- Location: Madrid and Zaragoza, Spain
- Date: 24 November 2022- 1 December 2022
- Target: Pedro Sánchez, Instalaza, Ukrainian and American embassies, Torrejón Air Base, Ministry of Defence
- Attack type: Letter bombing
- Deaths: 0
- Injured: 1
- Perpetrators: Pompeyo González Pascual

= 2022 Spain letter bomb attacks =

Series of letter bomb attacks

In late November and early December 2022, a number of letter bombs were mailed to locations across Spain. Packages were received at high-profile individuals and locations, including the Prime Minister of Spain's Moncloa residence, the Ukrainian and U.S. embassies in Madrid, Torrejon Air Base, and the arms manufacturer Instalaza. One person was injured in the attacks—a security officer at the Ukrainian embassy in Madrid.

==Timeline==
On 24 November 2022, a letter bomb, addressed to the Prime Minister of Spain Pedro Sánchez, arrived at Moncloa Palace in Madrid, Spain. The bomb was destroyed in a controlled explosion, with no injuries reported.

On 30 November 2022, further letter bombs were mailed. The first was mailed to the Ukrainian embassy in Madrid, exploding when a security officer opened it in the garden of the embassy, leaving a "very small wound" on one finger. Arms manufacturer Instalaza, in Zaragoza, received a similar package hours later.

On 1 December 2022, before dawn, another letter bomb was intercepted after being detected by a scanner, at the Torrejon Air Base near Madrid. The package was addressed to the European Union Satellite Centre at the base. On the same day, an additional letter bomb was received at the Defence Ministry and was defused. A sixth letter bomb was sent to the US embassy in Madrid and was intercepted at around 12.30 pm local time. It was subsequently "safely detonated."

==Investigation and responses==
Each of the letter bombs were reportedly similar, in brown envelopes addressed to the heads of each institution. The devices consisted of loose gunpowder with an electrical ignition mechanism, resulting in a burning, rather than exploding effect.

An official, Rosa Serrano, told radio station SER that the packages sent to both the Ukrainian embassy and Instalaza had the same return address.

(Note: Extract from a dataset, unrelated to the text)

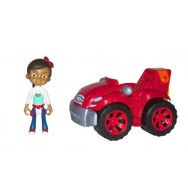 Герой Рости Механік Рубі на червоному авто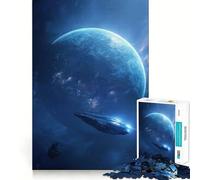 Puzzle da 1000 pezzi "Astronave in esplorazione su Pandora" per adolescenti ideale per rafforzare la memoria favorire la calma e migliorare la qualità dei bordi perfetto come regalo di Babbo Natale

In response to the letter bomb attacks, Spanish authorities increased security measures at public and diplomatic buildings. The Foreign Minister of Ukraine Dmytro Kuleba ordered that the security of all Ukrainian embassies be increased, and urged Spain to investigate the attack. Spain's High Court was reported to have opened an investigation for a possible case of terrorism.

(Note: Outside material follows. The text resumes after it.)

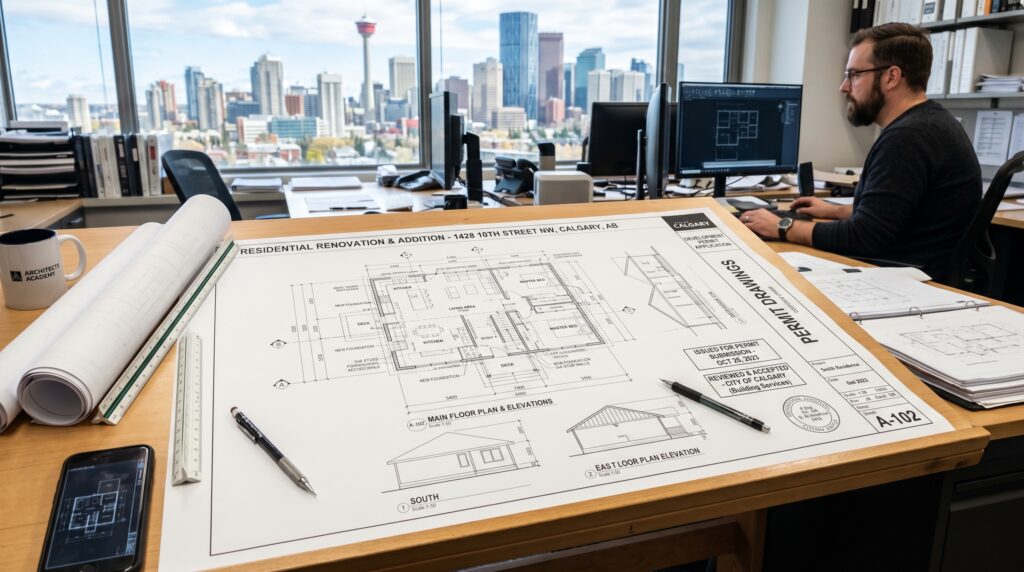 Permit Drawings Calgary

In December 2022, Spanish authorities disclosed they believed the letters were postmarked from the city of Valladolid.

According to a January 2023 New York Times report citing unnamed U.S. officials, Spanish investigators and their Western foreign counterparts have come to believe that the letter bomb attacks were perpetrated by the Russian Imperial Movement acting on behalf of Russian intelligence. U.S. officials had also suspected Russian military intelligence officers of directing associates of a white supremacist militant group to carry out the attacks.

===Arrest of suspect===
On 26 January 2023, a 74-year-old Spanish citizen was arrested by Spanish police on suspicion of sending the letter bombs. The Spanish Interior Ministry reported that there were no indications of any association with far-right organizations or Russia. They stated that they believed the suspect was responsible for making and sending all six letter bombs himself, but that the possibility of "participation or influence of other people" was not ruled out. On 23 July 2024, the Audiencia Nacional sentenced the suspect, identified as Pompeyo González Pascual, to 18 years' imprisonment for sending the bombs.